Le narrateur isolé
Il avait décidé qu’il n’écrirait plus jamais. Fini, le glissement feutré de la petite bille imprégnée d’encre noire sur les pages à carreaux de ses cahiers d’écolier. Terminées, les séances de jonglage syntaxique jusqu’au petit matin. Achevée, l’insomnie du plumitif. Il composerait dans sa tête, à l’abri des regards et des compromis. Son œuvre n’existerait que pour lui.

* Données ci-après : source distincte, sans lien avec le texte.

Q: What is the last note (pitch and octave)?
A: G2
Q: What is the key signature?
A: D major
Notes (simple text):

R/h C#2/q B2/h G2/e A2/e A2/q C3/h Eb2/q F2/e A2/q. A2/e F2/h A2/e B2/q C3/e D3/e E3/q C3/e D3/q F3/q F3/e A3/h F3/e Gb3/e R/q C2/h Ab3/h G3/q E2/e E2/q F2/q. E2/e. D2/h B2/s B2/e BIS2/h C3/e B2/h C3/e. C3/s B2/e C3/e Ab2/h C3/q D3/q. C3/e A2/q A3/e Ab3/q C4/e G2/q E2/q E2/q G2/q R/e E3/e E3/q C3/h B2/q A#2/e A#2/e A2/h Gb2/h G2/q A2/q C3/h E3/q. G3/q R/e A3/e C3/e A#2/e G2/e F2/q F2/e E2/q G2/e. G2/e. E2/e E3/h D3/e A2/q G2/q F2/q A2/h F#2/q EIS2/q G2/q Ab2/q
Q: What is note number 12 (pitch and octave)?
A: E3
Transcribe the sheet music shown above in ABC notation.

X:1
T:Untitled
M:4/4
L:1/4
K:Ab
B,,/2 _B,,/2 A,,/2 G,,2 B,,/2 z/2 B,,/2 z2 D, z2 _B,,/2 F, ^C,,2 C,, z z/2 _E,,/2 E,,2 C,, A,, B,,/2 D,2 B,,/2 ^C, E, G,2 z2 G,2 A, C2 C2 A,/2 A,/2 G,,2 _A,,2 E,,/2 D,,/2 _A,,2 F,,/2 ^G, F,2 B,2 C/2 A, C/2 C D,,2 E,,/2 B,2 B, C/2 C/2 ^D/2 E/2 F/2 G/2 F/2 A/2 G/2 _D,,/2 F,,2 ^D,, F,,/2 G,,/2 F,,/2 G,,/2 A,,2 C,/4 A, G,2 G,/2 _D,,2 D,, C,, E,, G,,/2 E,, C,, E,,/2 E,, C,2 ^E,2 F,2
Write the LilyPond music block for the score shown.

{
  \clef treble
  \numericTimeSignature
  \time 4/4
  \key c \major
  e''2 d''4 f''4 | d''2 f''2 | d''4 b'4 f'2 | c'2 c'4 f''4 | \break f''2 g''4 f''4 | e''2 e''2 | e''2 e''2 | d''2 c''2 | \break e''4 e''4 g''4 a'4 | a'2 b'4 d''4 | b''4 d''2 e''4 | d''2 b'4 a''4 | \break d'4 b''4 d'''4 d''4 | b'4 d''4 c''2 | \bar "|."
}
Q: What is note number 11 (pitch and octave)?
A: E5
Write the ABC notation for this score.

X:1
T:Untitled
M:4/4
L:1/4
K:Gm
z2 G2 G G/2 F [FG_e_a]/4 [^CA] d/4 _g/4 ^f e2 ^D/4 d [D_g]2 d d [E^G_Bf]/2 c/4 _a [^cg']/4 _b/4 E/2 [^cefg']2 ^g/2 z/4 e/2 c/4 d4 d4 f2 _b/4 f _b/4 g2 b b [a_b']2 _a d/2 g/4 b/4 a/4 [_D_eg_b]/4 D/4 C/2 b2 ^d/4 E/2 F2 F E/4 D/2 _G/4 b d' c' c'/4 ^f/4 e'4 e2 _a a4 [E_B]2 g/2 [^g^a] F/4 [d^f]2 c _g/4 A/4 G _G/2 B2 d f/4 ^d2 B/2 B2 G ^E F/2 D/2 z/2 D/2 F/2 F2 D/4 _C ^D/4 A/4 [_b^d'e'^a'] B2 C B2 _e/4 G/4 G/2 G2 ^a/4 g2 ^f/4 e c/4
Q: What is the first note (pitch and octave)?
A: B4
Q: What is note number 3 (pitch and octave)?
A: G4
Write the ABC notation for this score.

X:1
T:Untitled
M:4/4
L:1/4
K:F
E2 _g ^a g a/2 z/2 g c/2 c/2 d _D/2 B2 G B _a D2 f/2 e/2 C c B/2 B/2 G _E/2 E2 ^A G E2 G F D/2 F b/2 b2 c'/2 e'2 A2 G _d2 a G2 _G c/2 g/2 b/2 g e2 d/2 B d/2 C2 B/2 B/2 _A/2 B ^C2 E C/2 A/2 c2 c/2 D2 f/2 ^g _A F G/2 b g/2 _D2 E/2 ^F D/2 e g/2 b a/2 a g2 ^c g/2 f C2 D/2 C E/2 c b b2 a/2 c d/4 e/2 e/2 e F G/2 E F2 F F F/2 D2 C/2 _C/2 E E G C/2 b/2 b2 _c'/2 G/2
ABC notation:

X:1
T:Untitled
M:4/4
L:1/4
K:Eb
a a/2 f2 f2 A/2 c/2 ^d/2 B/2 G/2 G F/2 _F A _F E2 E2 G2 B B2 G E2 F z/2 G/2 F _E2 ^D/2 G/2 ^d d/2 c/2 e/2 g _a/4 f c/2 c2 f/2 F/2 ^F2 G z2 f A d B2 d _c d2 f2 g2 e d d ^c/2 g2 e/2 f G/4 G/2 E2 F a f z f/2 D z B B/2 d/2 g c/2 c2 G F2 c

Il se savait capable de réciter l’équivalent de centaines de pages glanées dans des romans, des contes et des poèmes, des chapitres entiers sans la moindre erreur de ponctuation – autant de volumes qui resteraient à jamais inédits. Personne ne lirait ses nouvelles fantastiques, ses enquêtes policières ou les courts textes d’inspiration surréaliste qu'il se plaisait à réciter d'une voix monocorde comme d'autres fredonnent le dernier tube. Ses absurdités littéraires, qu’il appelait nonchalamment « œuvrettes » dans le secret de son âme, ne connaîtraient jamais l’examen attentif, et peut-être enfiévré, d’une paire de pupilles.
Lorsqu’on l’interrogeait à ce sujet, il répondait que l’écriture constituait à la fois un leurre et une prison.
« Elle nous transporte, » disait-il volontiers, « et prétend nous élever. En cela, elle nous promet, avec la superbe que lui procure son irréfutable savoir-faire, de nous affranchir de nous-mêmes. De ces limites imposées par la science – physique, chimie ou biologie –, cette nature à laquelle nous devons nous soumettre, et de ces bornes que nous nous infligeons par atavisme ou par éducation.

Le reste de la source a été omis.